• **Supplied information**:
>>>>>
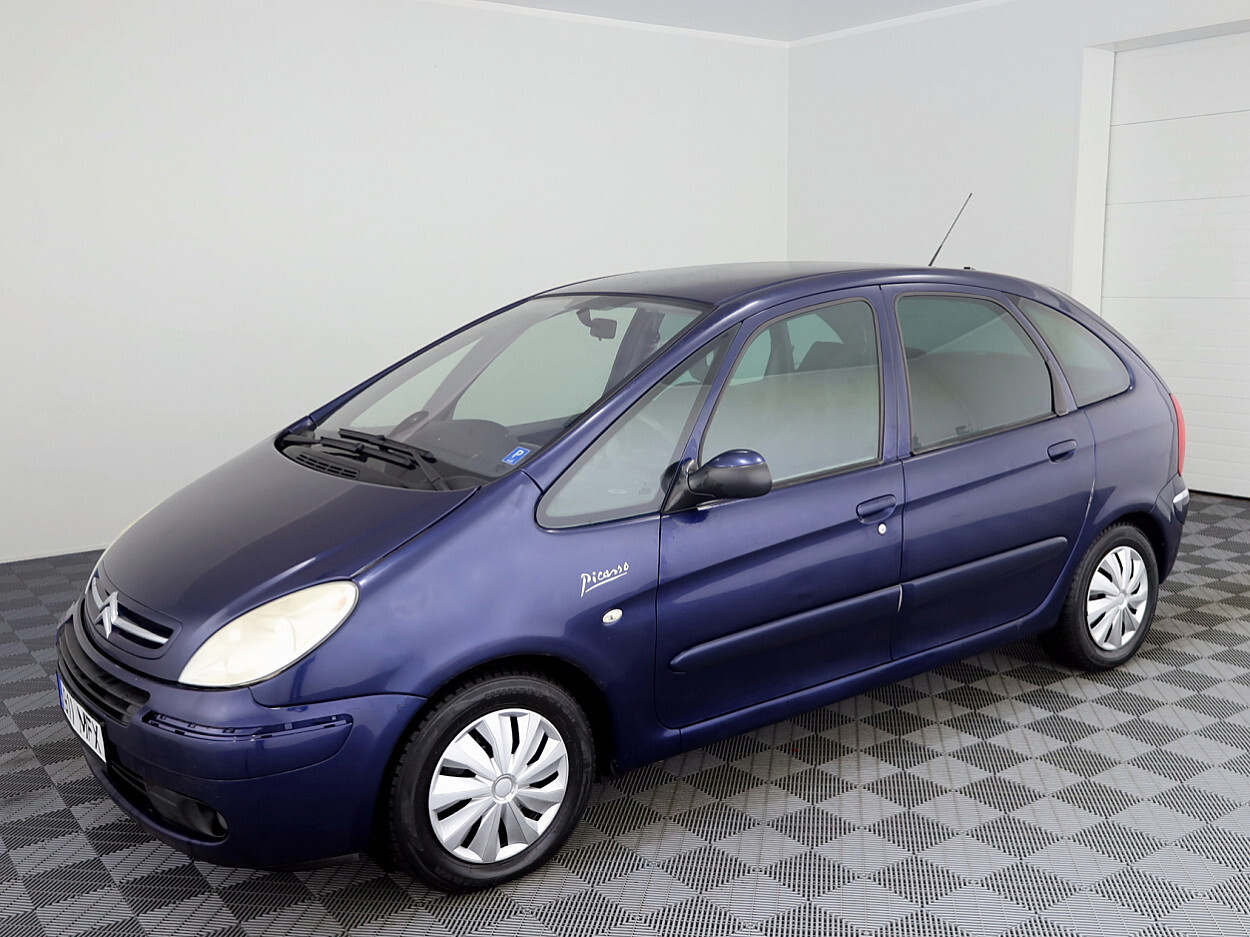 Citroën Xsara Picasso 2006, photo 2/7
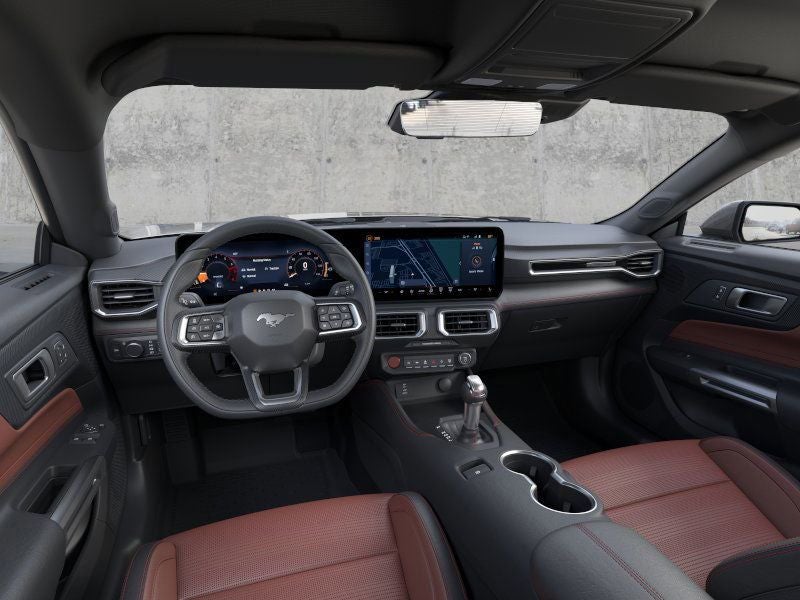 2026 Ford Mustang EcoBoost® Premium Fastback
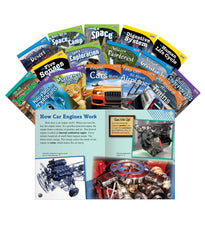 BOOKS SCIENCE GUIDED READING GRADE 3 SET OF 16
<<<<<
• **Exercise**: Copy out all the data above exactly, minus the images.

• **Exercise output**:
 Citroën Xsara Picasso 2006, photo 2/7
 2026 Ford Mustang EcoBoost® Premium Fastback
 BOOKS SCIENCE GUIDED READING GRADE 3 SET OF 16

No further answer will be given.